Der fünfte Punkt auf meiner Liste ist eine Person, die für mich eine ganze Ära in der Architektur war. Ich liebe seine Bücher. Ich liebe seine Philosophie. Und es tut mir schrecklich leid, dass ich nie die Gelegenheit haben werde, mit ihm zu sprechen oder seine Vorträge zu hören. Ich sprach mit seinen Schülern, fragte meine Mailänder Professoren nach ihm, die ihn persönlich kannten, und besuchte alle Ausstellungen, die seiner Arbeit gewidmet waren.

Meine Eltern, Architekten, sagten mir von Kindheit an, dass Architektur ein komplexer Beruf ist, der Kreativität, Psychologie, Wirtschaft, Management, Philosophie und vieles mehr vereint. Leider werden diese Eigenschaften in Architektur und Architekten heute selten kombiniert: Es besteht immer das Gefühl, dass die eine oder andere Seite vorherrscht. Ich würde gerne glauben, dass in Russland all diese Aspekte harmonisch kombiniert wurden, aber wir werden nie sicher darüber Bescheid wissen - was letztendlich zum Besseren sein kann.

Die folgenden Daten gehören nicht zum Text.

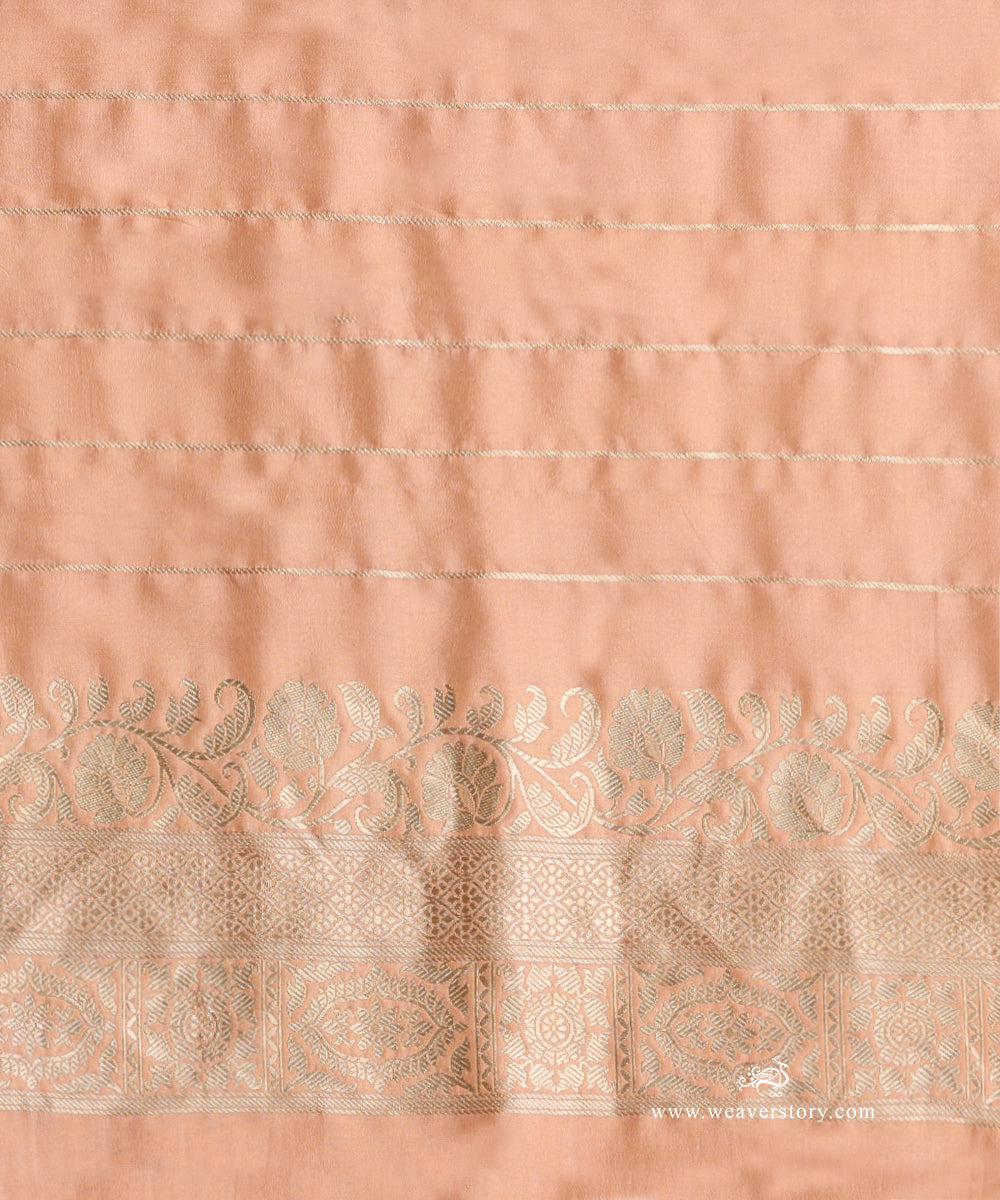 Peach_Handloom_Pure_Katan_Silk_Kadhwa_Banarasi_Saree_With_Meenakari_Jaal_And_Mauve_Selvedge_WeaverStory_05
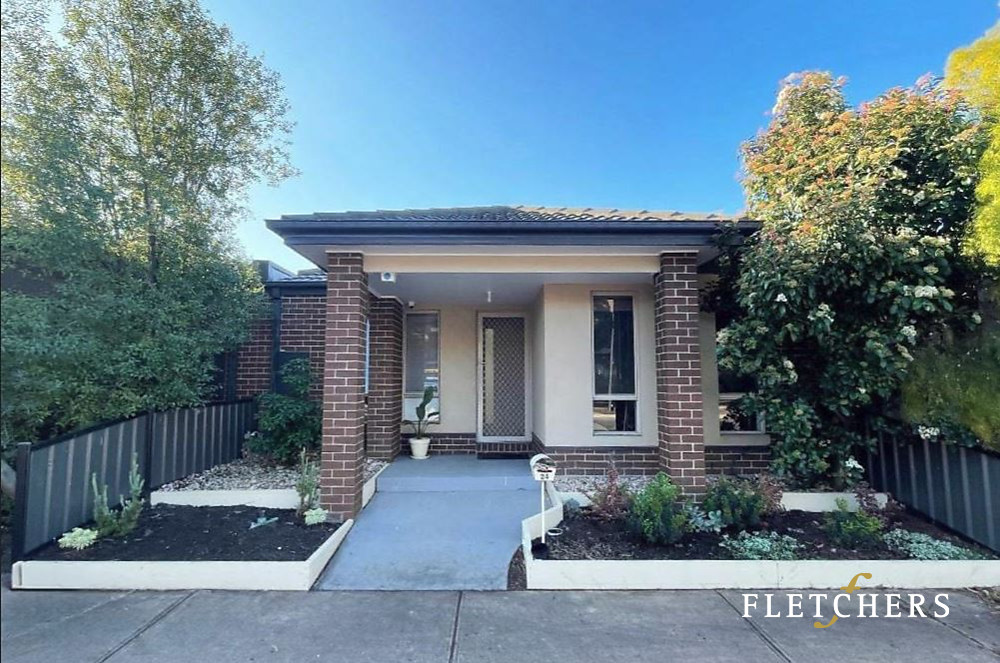 24 TOM ROBERTS PDE, POINT COOK, VIC 3030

Elizaveta Klepanova absolvierte 2013 das Moskauer Architekturinstitut (Fakultät für Wohn- und öffentliche Gebäude; Spezialistin für Architektur) und die Polytechnische Universität Mailand (Master of Architecture).

2008–2011 - Architekt bei AB „A. Klepanov A-S-D . In den Jahren 2012–2013 war er Autor des Internetportals Architectural Digest Russia. Seit 2013 - der Autor des Internetportals Archi.ru. Seit Januar 2014 - Architekt bei Peter Ebner and Friends (München).